Traditionally, businesses, and buy-to-let is a business, whichever way you look at it, except perhaps in the eyes of HMRC, have always enjoyed tax relief on borrowed funds. Government has always favoured business investment. But, in an industry such as housing, with its high media profile and emotive political pressures, clearly the Chancellor has succumbed and has decided to make an exception for buy-to-let.
The seemingly exponential rise of buy-to-let investment has obviously “spooked” the Bank of England and the Chancellor and has prompted them into cooling the euphoria. The main impact of the reduction of mortgage interest rate relief will fall on those high-rate taxpayers with large highly geared portfolios. They will need to look at strategies to save on tax such as reducing debt or incorporating their property business operations.
The next phase of this cooling is likely to be further borrowing restrictions and the tightening of lending criteria akin to the homeowner mortgage market, since buy-to-let has enjoyed a much looser unregulated regime up top now.
The scrapping of the Green Deal, the government’s failed scheme to fund energy saving measures in housing, will not have a major impact as the take-up was low. Those that did take advantage will have their contracts honoured but there will be no new funding. In any case many thought the scheme gave landlords and owners little in the way of cost savings.
The Green Deal move is however a reminder to landlords that all properties within the Private Rented Sector (PRS) must be up to at least an ‘E’ EPC rating by 1st April 2018 under the new legislation, but this date could come forward to 2016 so waiting is not an option. Landlords should be making plans now, particularly when properties become vacant, to bring them up to minimum energy efficiency standards, otherwise they will be unable to let them legally after April 2018.

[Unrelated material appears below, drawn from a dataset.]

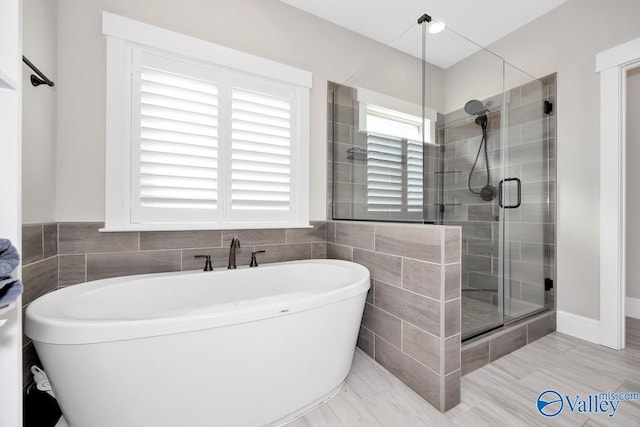 full bath featuring a stall shower, a freestanding bath, and tile walls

As the Intus article in this issue “Landlords’ Mounting Responsibilities” points out, there is no doubt at all that landlords’ responsibilities, tax changes aside, are increasing. This year several measures introduced by the Deregulation Act 2015, the energy efficiency rules, and legionella checks along with smoke and CO alarms, will all mean extra work for landlords.
One option to consider for those self-managing landlords is to use a good professional letting agent. It will cost you in terms of fees but the freedom may be worth it, and fees are a tax deductible expense.

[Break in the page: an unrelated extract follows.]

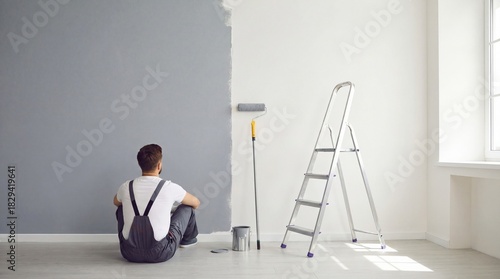 Person sitting on floor admiring freshly painted wall with roller and ladder nearby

Although some Lettings Agencies have bad reputations for exploiting landlords who take this hands-off approach, by overcharging for basic services, these are in a minority. Look for long established managing agents with good local reputations, and crucially, members of one of the main professional associations such as ARLA or RICS.
Another safeguard some landlords take to make sure their lettings agencies will give them and their properties the right attention is looking for a smaller agency. A smaller agency allows landlords to truly build relationships with the company as the same agents personally manage and take care of their investments from the outset.
Once you have found the right agent, you are then able to pass the total legal responsibilities over. Even before a tenant is found, the landlord’s duties are lessened as letting agents are in charge of and fully responsible for all legal precautions. The relevant safety checks are taken care of such as gas safety, electrical and appliance checks etc.
The article in this issue by John Kingdom – Market Valuation and Forecast – UK Housing – June 2015 Part 2 – follows up from last month’s article and gives a sobering view of the housing market from a stock analyst’s view of the market, based on his analysis of long-term statistics. John is a stock market analyst who publishes his work at ukvalueinvestor.com
By taking house prices over a long period of time and comparing them to average earnings and average homebuyer earnings (PE Ratios), John concludes that house prices today are expensive. Importantly though, he thinks any change will be slow and that as wages increase with the improving economy will likely redress the balance over time.
Finally, Ray Coman, FCCA, CTA has produced a timely and comprehensive article: “Tax planning for landlords affected by new interest rules” which provides some ideas and tax planning strategies for landlords following the Budget changes.
Enjoy your summer holidays if they are still to come!